Saturday, January 11, 2025

A Visit to Unclaimed Baggage

In August 2019 my brother Richard and I made a trip to Scottsboro and visited among other places Unclaimed Baggage. Their web site will tell you the store's history and how the business works. You can read my two-part report of that visit to Scottsboro here and here. This past December 26, Dianne, my son Amos and daughter-in-law Kim made the trip to the popular attraction. Amos had also visited long ago, but the ladies had never been. So on a gray, drizzly day we traveled north from Pelham. 

By the time we arrived everybody was hungry, so the first thing we did was find a place to eat. Payne's Soda Fountain and Sandwich Shop on the courthouse square was open, and we stopped in there. The popular place was busy, but we were seated quickly. We all enjoyed our meals; Kim and I had their BLTs and some fruit. Strangely, they don't do fries. Dianne and I had some delicious ice cream, too!

Unclaimed Baggage was next, and we stayed for maybe 90 minutes. Kim and Amos found a few t-shirts, and Amos bought a book. Dianne purchased a couple of small pieces of jewelry; she said most of what they had was overpriced. I bought three books. All-in-all the visit was a disappointment. Naturally the place was packed the day after Christmas, and I had no interest in the clothes, hats, jewelry, sunglasses, electronic geegaws, etc. 

However, since the time Richard and I visited an Unclaimed Baggage Museum has been opened within the store, and that was pretty interesting. Comments are below some of the photos.



We parked at the side entrance, which is not far from the museum gallery. 





The "oddities and treasures" range from shrunken heads to a basketball signed by Michael Jordan.
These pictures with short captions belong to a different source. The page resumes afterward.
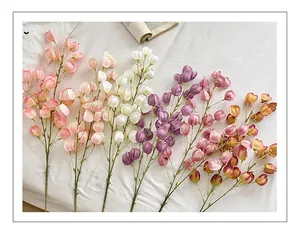 Macro shot of realistic artificial physalis branches in assorted colors on soft fabric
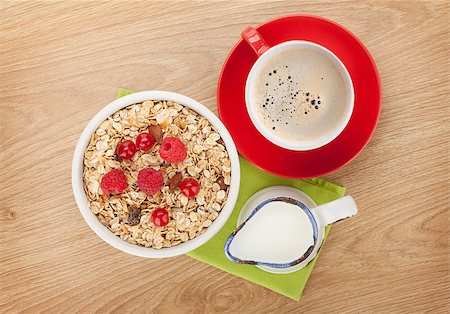 simsearch:400-08113690,k - Healthy breakfast with muesli. View from above on wooden table Stock Photo - Budget Royalty-Free & Subscription, Code: 400-07776908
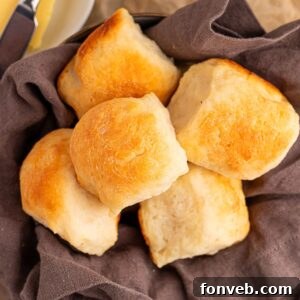2 Ingredient Dinner Rolls in a basket with a towel inside of it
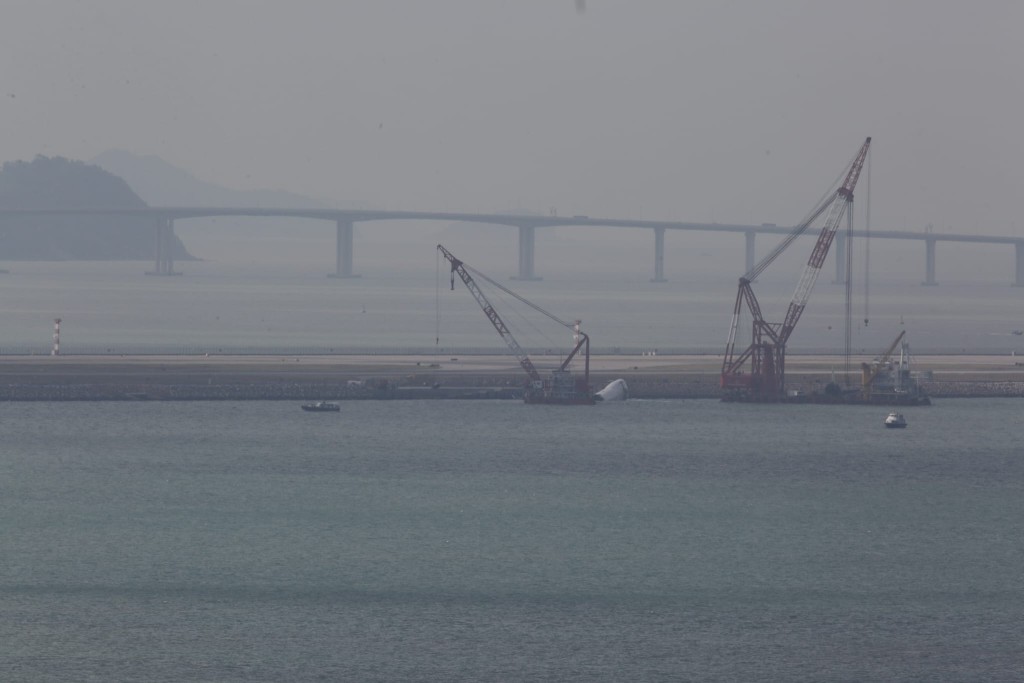 打撈船吊起被撞落海的機管局巡邏車。 打撈船吊起被撞落海的機管局巡邏車。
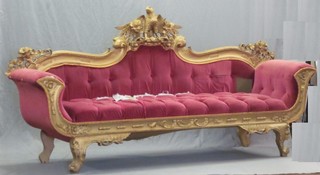 A handsome French style carved gilt wood sofa surmounted by an eagle and upholstered in rose pink Dralon 93"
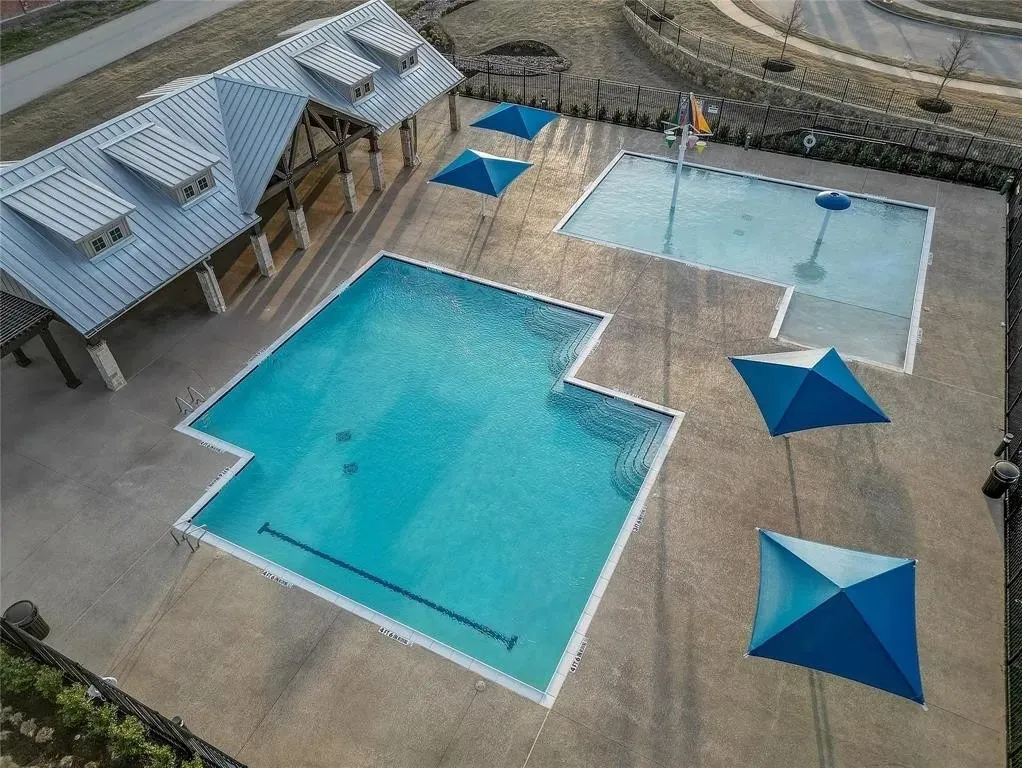 Resort-style pool area featuring two distinct pools, a covered pavilion with exposed beams and dormer windows, and multiple shade structures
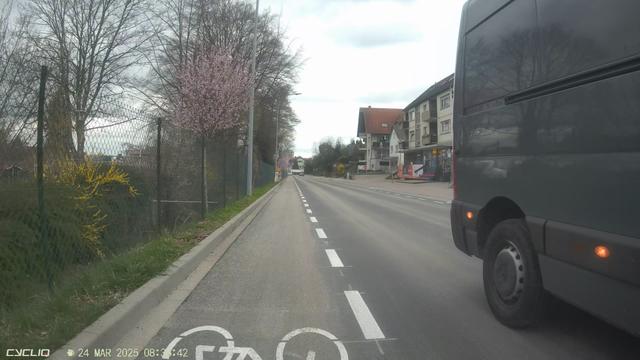 Blick einer Dashcam nach hinten. Ein Transporter überholt trotz oder gerade wegen des Radfahrschutzstreifens viel zu knapp.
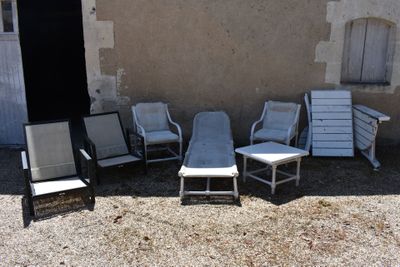 four chairs and a table in front of a building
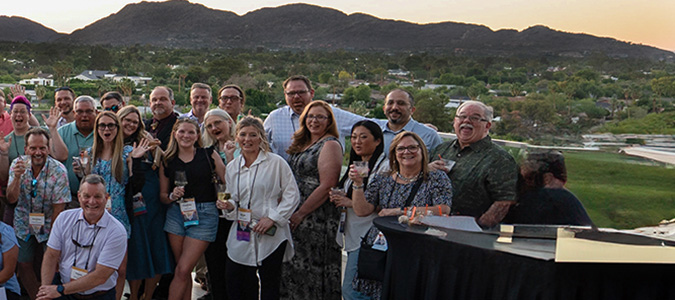 deamcon25-pano3-675x300 Large group of people with mountains in the background
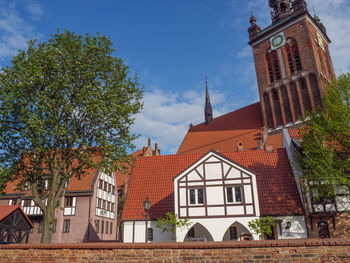 Low angle view of trees and buildings against sky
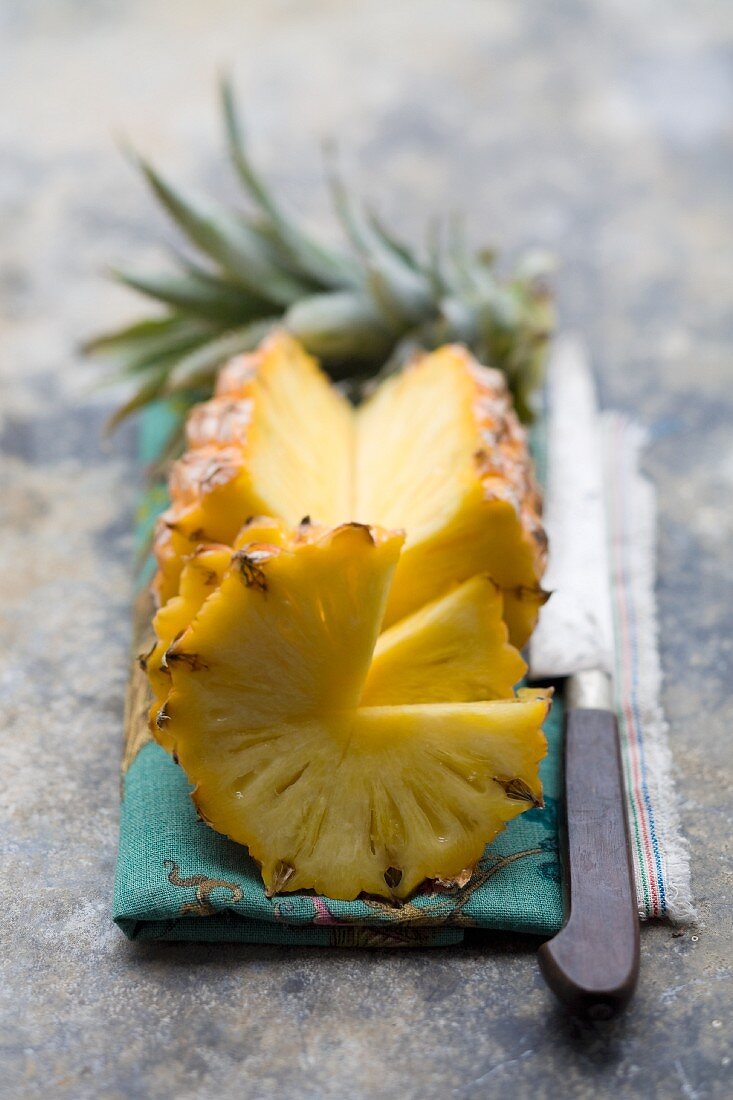 A fresh pineapple, partly sliced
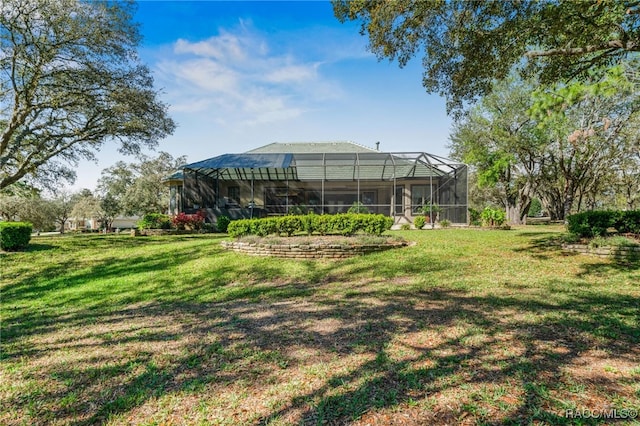 view of yard with glass enclosure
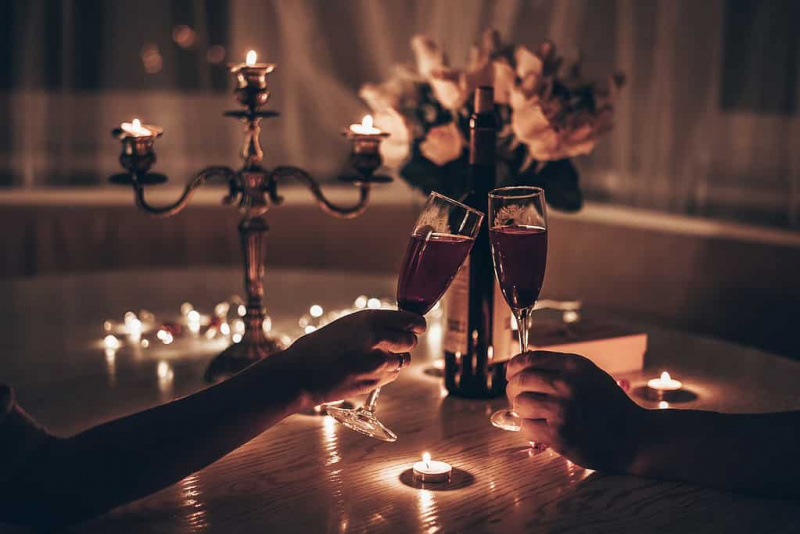   Käed, kus mees ja naine hoiavad veiniklaase ja õhtustavad kodus laua taga romantilist küünlavalgel. Mehe ja naise käed hoiavad klaasi veini. Valentini kontseptsioon's day or Candlelight date at night.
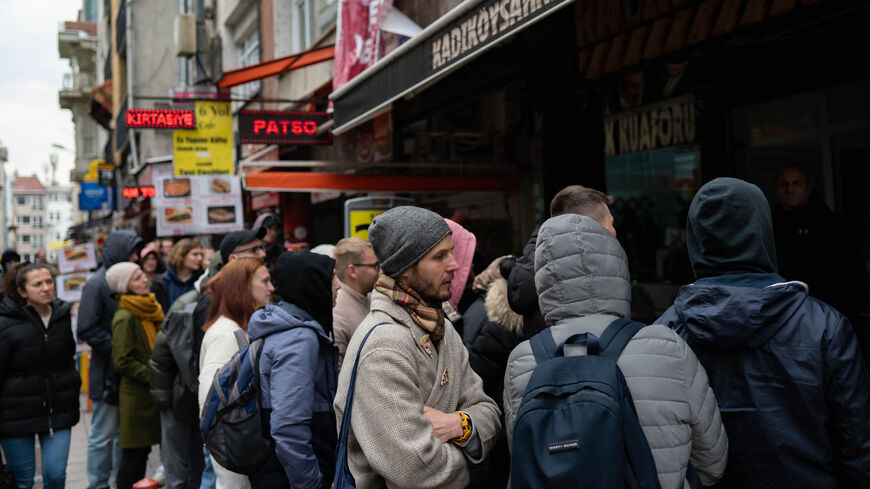 Russian physics researcher Yuriy waits in line for tickets to see Russian rapper Oxxxymiron on Kadikoy Street, Istanbul, Turkey, March 15, 2022.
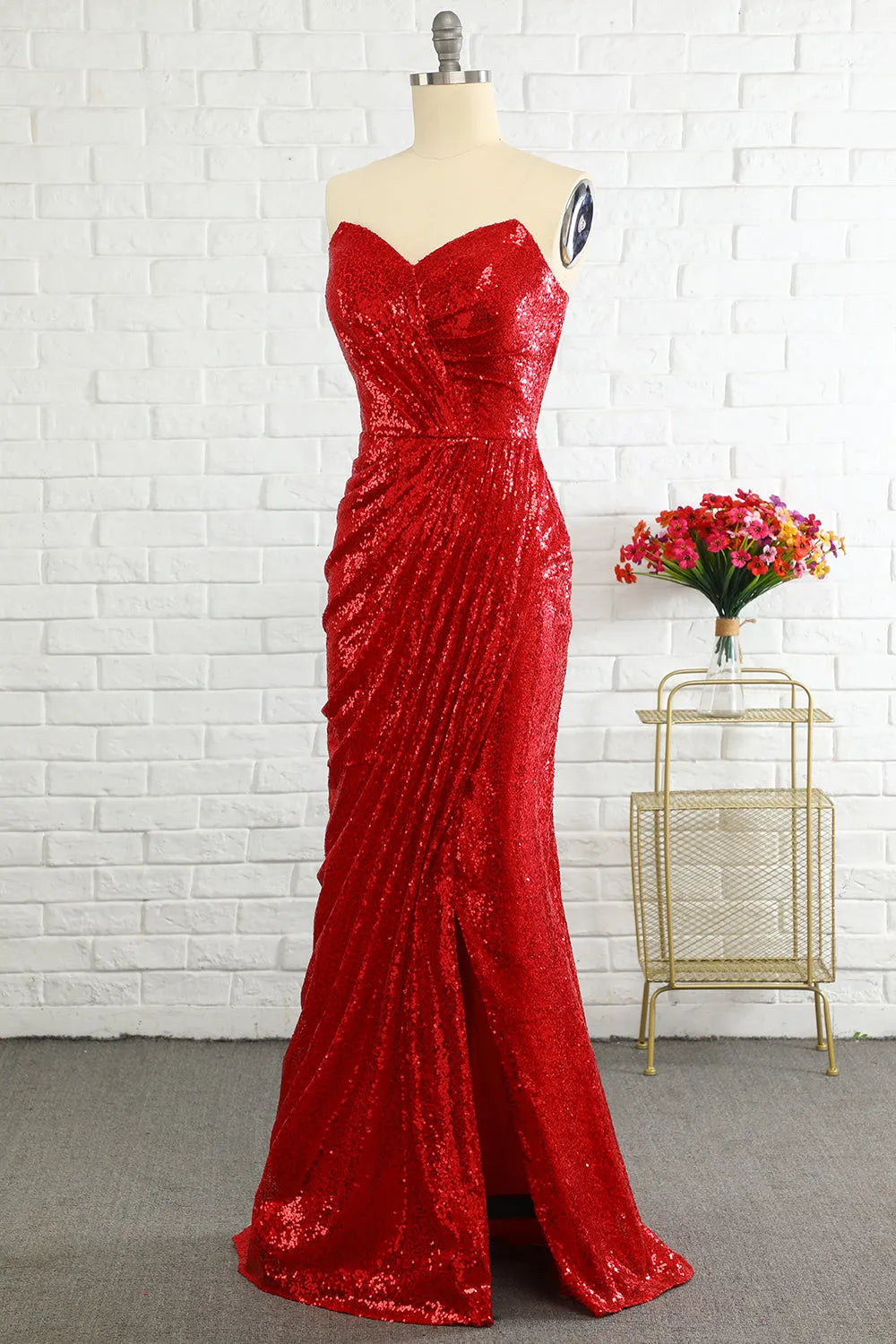 Side view of elegant sweetheart sequin gown.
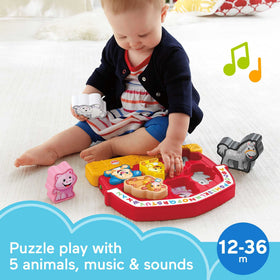 Close-up of farm animal shapes and songs from Fisher-Price puzzle
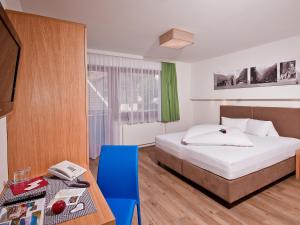 una habitación de hotel con una cama y una mesa con una mesa en Hotel Neuwirt, en Finkenberg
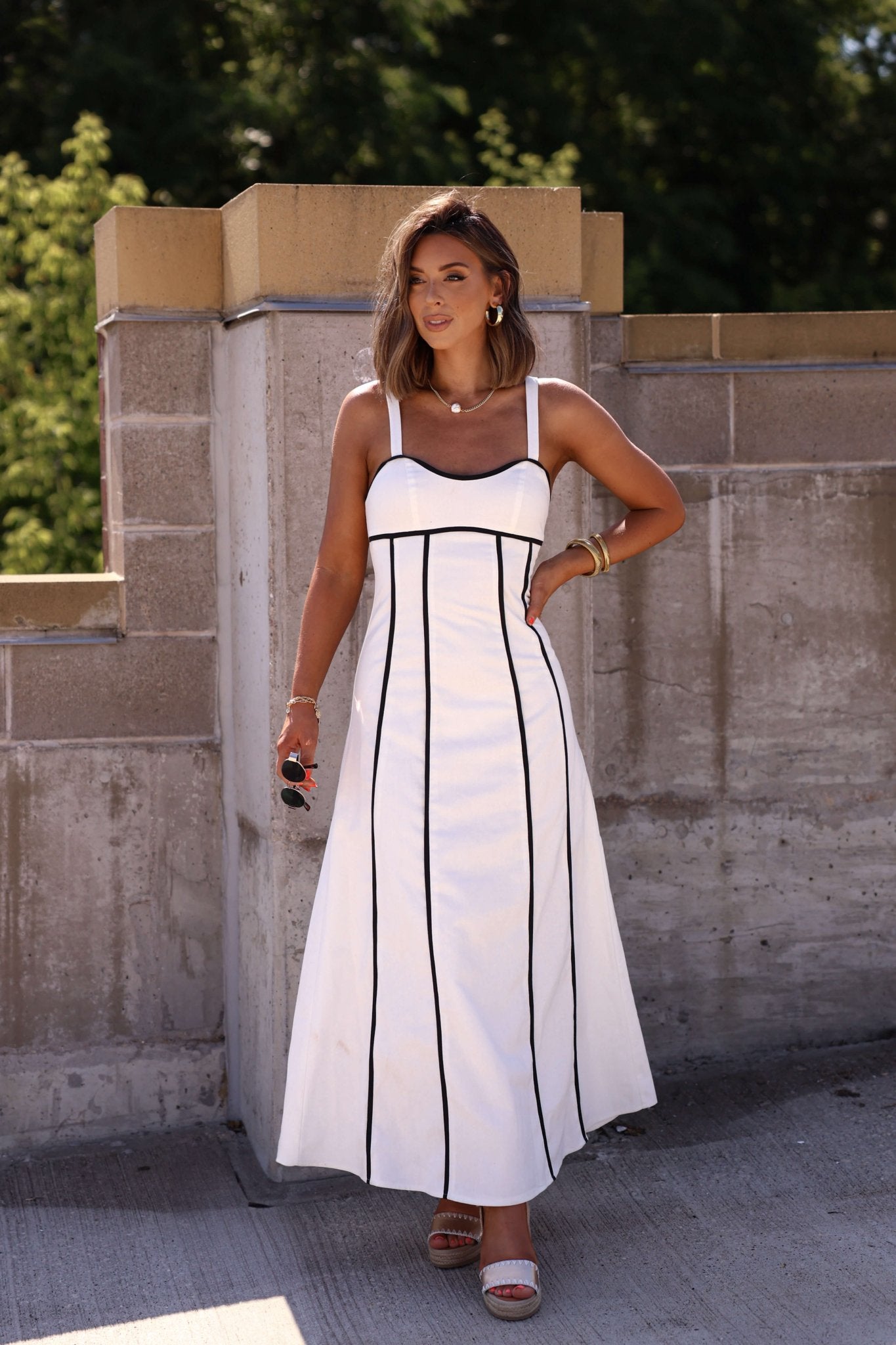 Woman in a White and Black Trim Detail Maxi Dress stands outdoors by a stone wall, holding sunglasses and wearing heels.
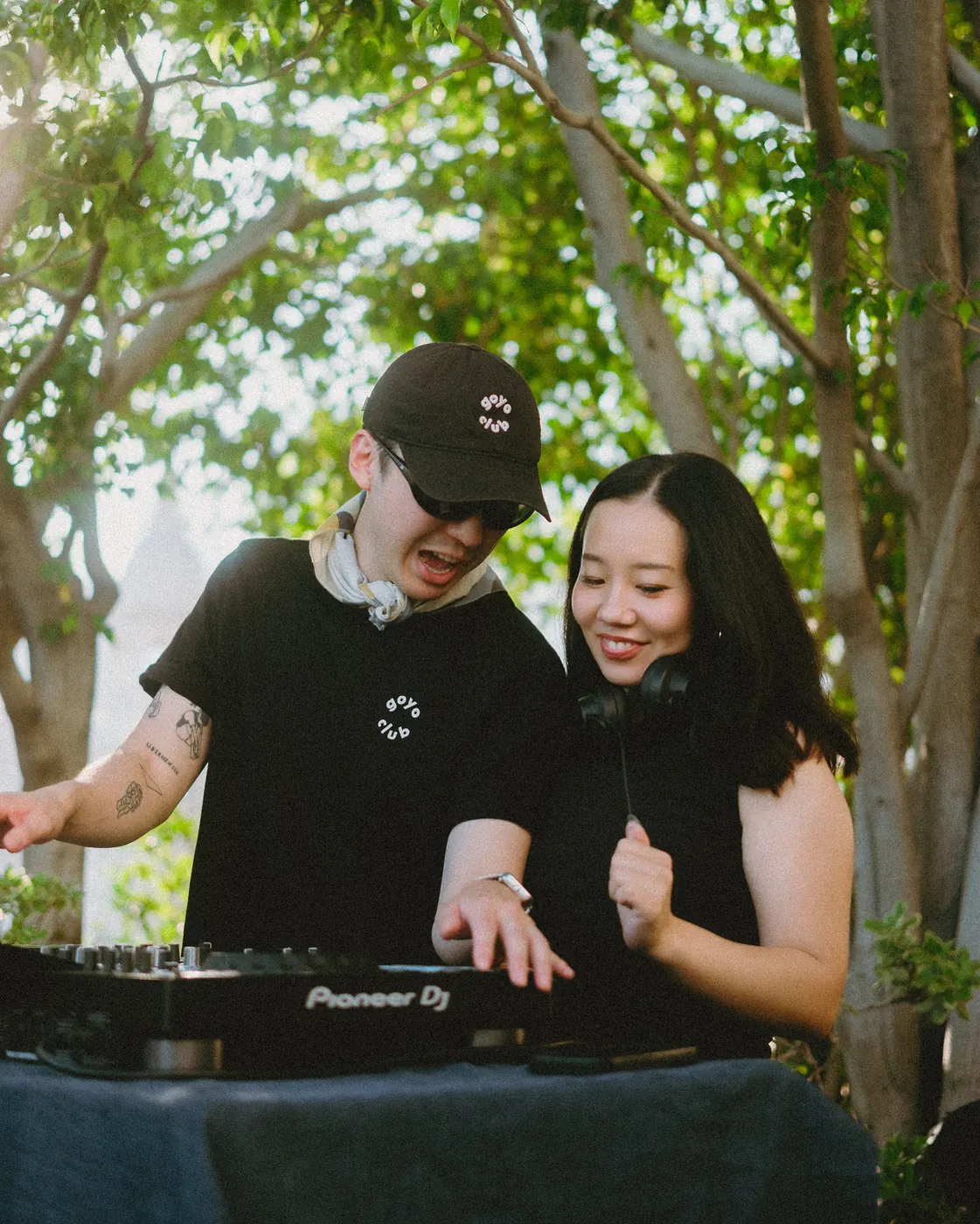Two DJs laughing together during a back-to-back set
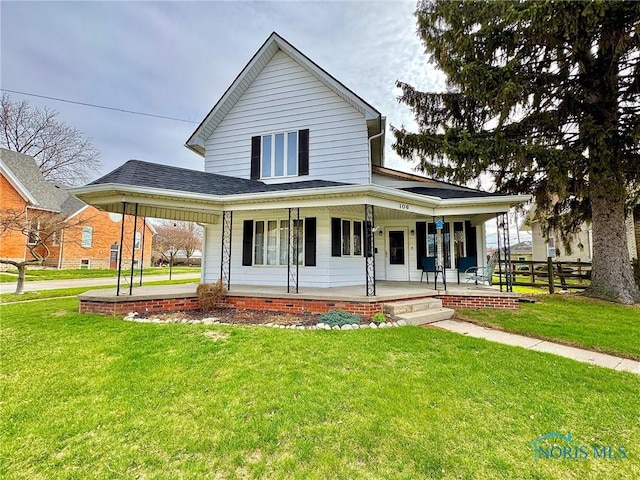 106 Adrian St, Delta, OH 43515 - rear view of property featuring covered porch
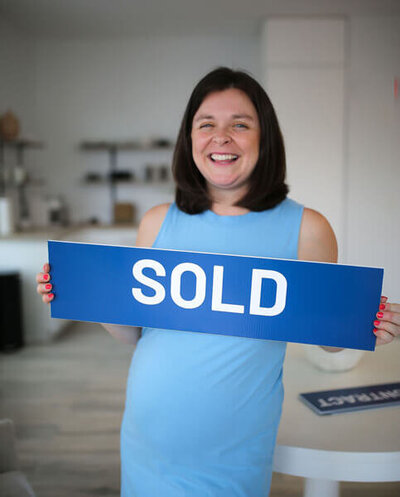 Ann-Marie Sepe holding a blue real estate yard sign that says “SOLD”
On the cover of the pamphlet is Hoggle, a life-size Jim Henson puppet that appeared with David Bowie in the 1986 film Labyrinth.











Even medieval armor has found its way to Scottsboro.









The Gucci suitcase carried Egyptian artifacts dating back to 1500 BC that included a burial mask and ancient coins. Who leaves this kind of stuff unclaimed?



That violin dates to 1770.







I had to laugh when I came across this 2008 novel by Lawrence Block featuring Keller, his lonely hit man character. Someone shelving this book must have assumed it was about baseball.



The courthouse gazebo was decorated for Christmas and holiday music played all over the square. The building was the scene of various trials of the nine Scottsboro Boys in the early 1930s. I wrote about that and the Scottsboro Boys Museum in the previous posts linked in the first paragraph of this one.




Payne's Soda Fountain and Cafe celebrated its 150th anniversary in 2019. The business has been located on the courthouse square since February 1891.




Here's a totally random photo I took on the way home as we drove from Scottsboro to I-59. I have a fond memory of  Attalla. When we were young sprouts, my brother and I used to separately visit our grandparents in Gadsden in the summer for a week at a time. On one of those visits my grandmother Rosa Mae Wright took me to a theater in Attalla to see Sink the Bismarck!, a 1960 British film. We saw the movie in the afternoon, before picking up my grandfather Amos J. Wright, Sr., at his job as yard foreman for the L&N railroad.